Each exercise step lasted for 12 sessions; all participants wore a heart rate monitor. The EP was subdivided into three categories based on level of difficulty. The basic level included three sets of exercises consisting of 10 repetitions; the intermediate level, three to four sets of 15 repetitions; and the advanced level, which consisted of four to five sets of 20 repetitions. The aerobic exercise included treadmill walking, cycling, cross-training, and rowing. The strengthening exercises included free-body parts with the help of small tools and isotonic machines.

2.6. Adherence to LGIMD

The Mediterranean Adequacy Index (MAI) [22], was used to assess subjects’ compliance. We chose random weeks of the year, namely the 2nd, 7th, 10th, 16th, 23rd, 24th, 34th, 35th, 36th and 43rd. The participants were unaware of the days and weeks in which they would be evaluated. Compliance was defined as positive if the subject’s MAI was equal to or above the median expected value for the whole population under study; a median value of 7.5 with an inter-quantile range (IQR) of 5.4 was expected [22].

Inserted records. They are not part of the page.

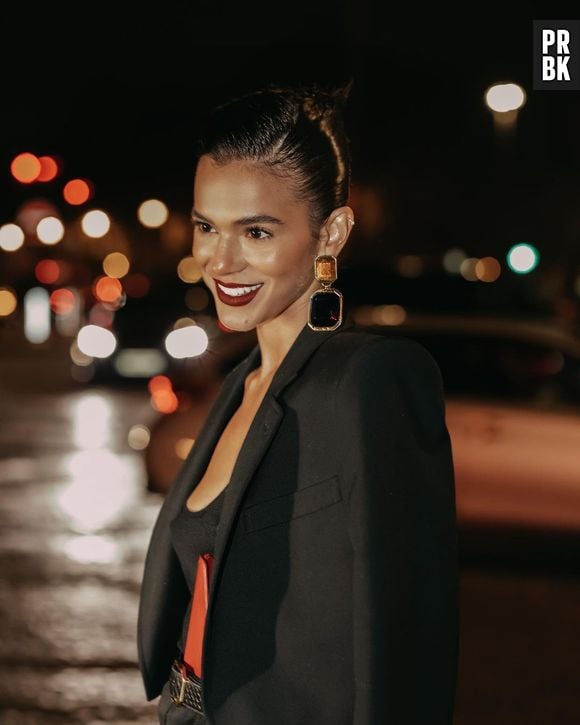 Bruna Marquezine: "Fui muito bem tratada a noite inteira por todos que cruzaram meu caminho. Não se preocupe comigo e nem com os meus peitos"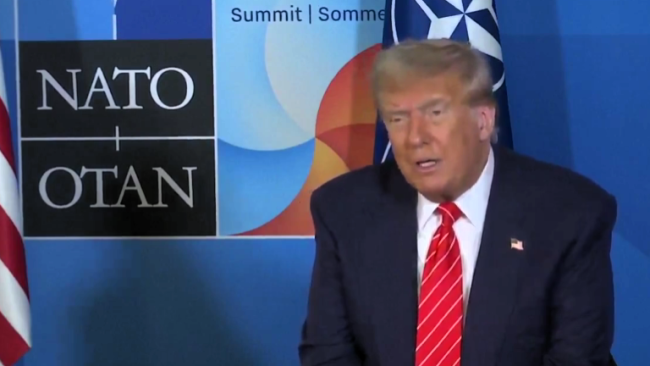 Donald Trump en una conferencia de prensa.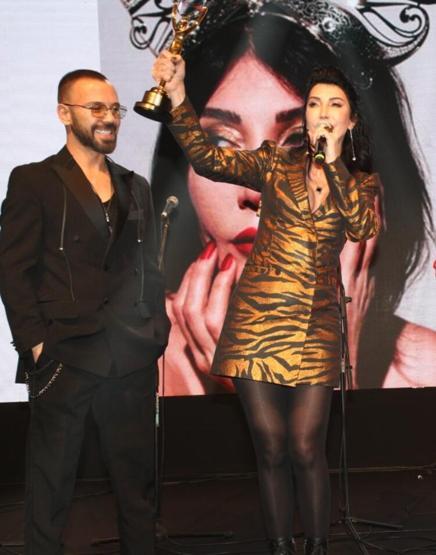 Ayaklı Gazete TV Yıldızları Ödülleri sahiplerini buldu Kırmızı halıda şıklık yarışı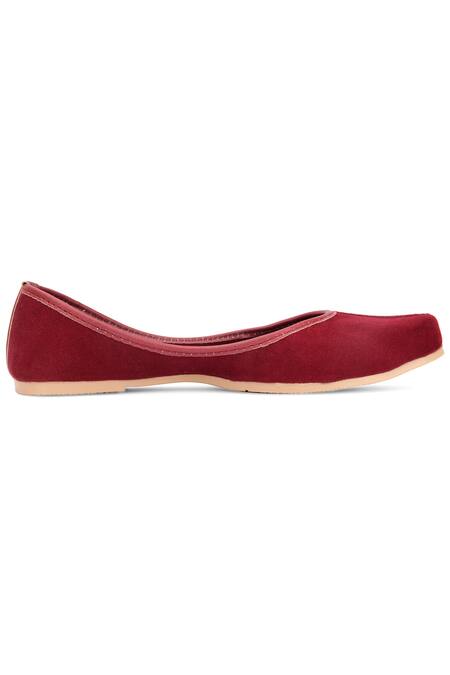 Buy_Nazaakat By Samara Singh_Maroon Solid Stitch Line Juttis_Online_at_Aza_Fashions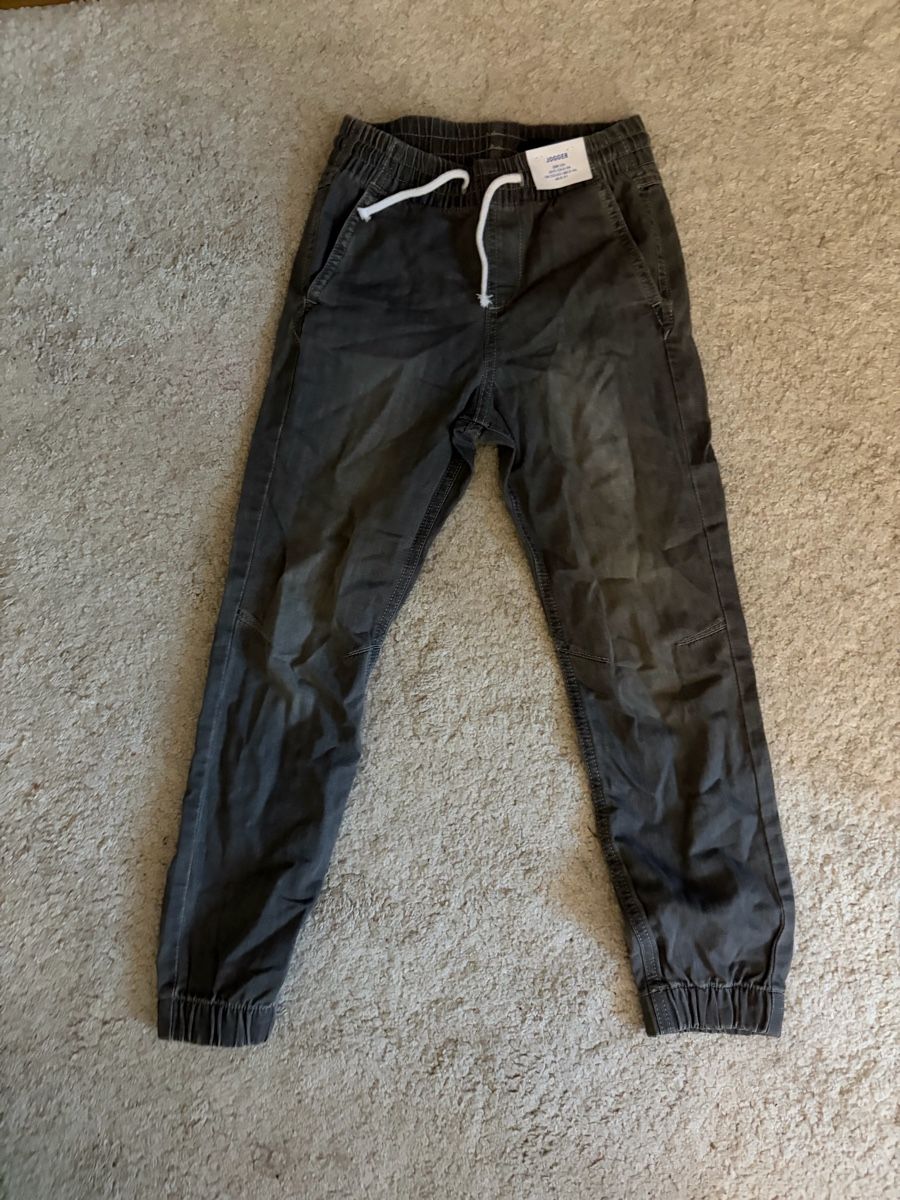 Pantalons: Jeans dunkelgrau Grösse  – D'occasion à Felsberg par kianga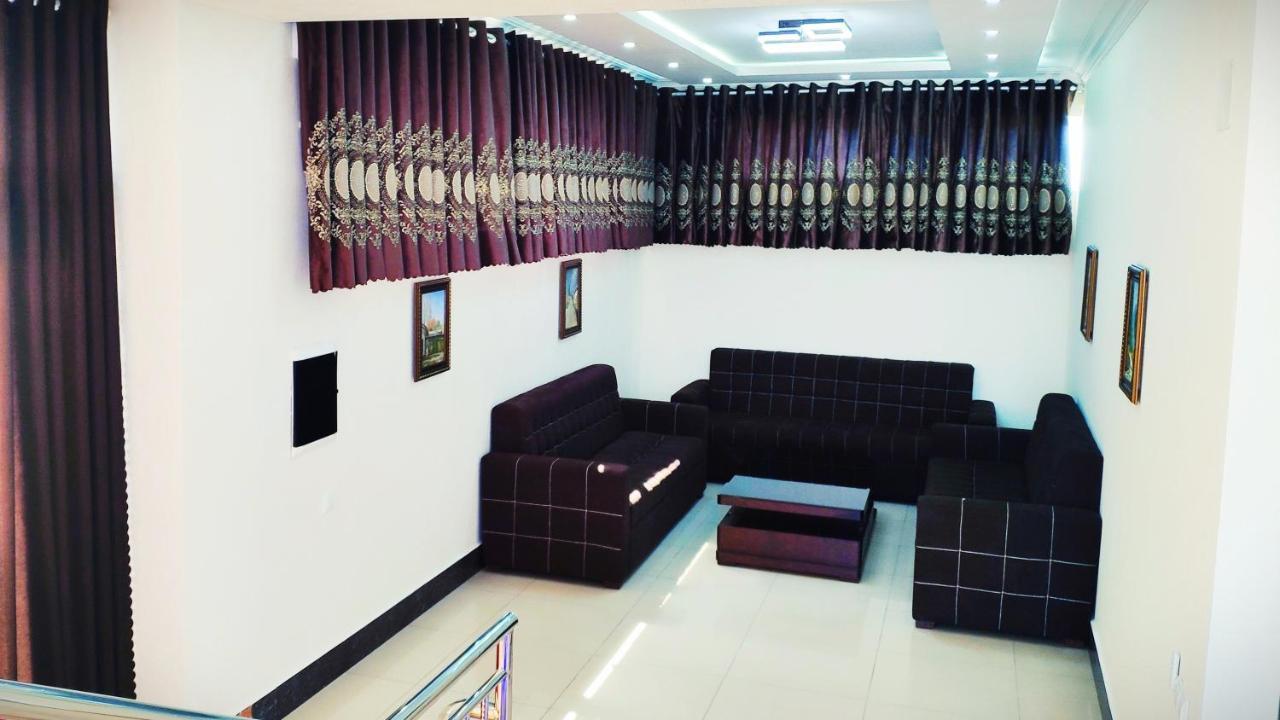 Hotel Buston Chkalovsk Buitenkant foto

2.7. Adherence to the Exercise Program

To assess adherence to the CEP, the working year was split into 4 quarters. Adherence was assessed on the basis of frequency (at least 2 weekly attendances at training for a monthly total of 8, i.e., 24 attendances in three months), intensity (heart rate monitoring, based on the established work program; see Table 1) and workload (based on the established level of difficulty; see Table 1).

2.8. Statistical Analysis

We classified MAFLD participants into three subtypes based on the presence of different metabolic dysfunctions: hepatic steatosis in overweight/obese subjects (MAFLD1), hepatic steatosis and at least 2 metabolic abnormalities (MAFLD2), hepatic steatosis and type 2 diabetes mellitus (MAFLD3). A data description was performed by means (±SD), median (inter-quantile range), and frequencies (%) as appropriate. We defined as adherent those participants who remained above the expected MAI median for seven months and attended 60% of all sessions of CEP. An appropriate variable (LGIMD/CEP) was built. Joint modeling of longitudinal (BMI and HOMA-IR, which were repeatedly monitored over time) and time-to-event (disappearance of MAFLD diagnostic criteria) data was performed to estimate the effect of adherence to LGIMD/CEP on these processes. The two analyses were performed separately to clearly identify the predictive ability of BMI and HOMA-IR. Linear mixed models were performed for longitudinal trajectories of BMI and HOMA-IR over time. These variables were log-transformed to achieve normality. A random intercepts and linear longitudinal trajectory were set in the two models. In addition, an unstructured covariance matrix was applied. A Flexible Parametric Survival Model Cox with two degrees of was chosen [23]. The endpoint for the time-to-event model was the disappearance of the diagnostic criteria for MAFLD (mostly the absence of Hepatic Steatosis), withdrawal from the study or end of follow-up. All analyses were sequentially adjusted for Adherence to the LGIMD/CEP, Waist to Hip Ratio (WHR), Sex, PCR, ALT, GPT, GGT and BMI or HOMA-IR. To choose the best set of covariates, biological and statistical criteria (Akaike’s and Schwarz’s Bayesian Information Criteria) were used. A non-linear combination of coefficients was also used to test the overall effect of following the two programs on the log of BMI/HOMA-IR and on the time-to-event. Post-estimation tools were applied to obtain predictions. Statistical significance was set at p < 0.05. Stata 17.0 statistical software (StataCorp, 4905 Lakeway Drive, College Station, TX, USA) was used.

3. Results

Characteristics of the sample are shown in Table 2.

Table 2.

Characteristics of participants with MAFLD and subtypes of MAFLD.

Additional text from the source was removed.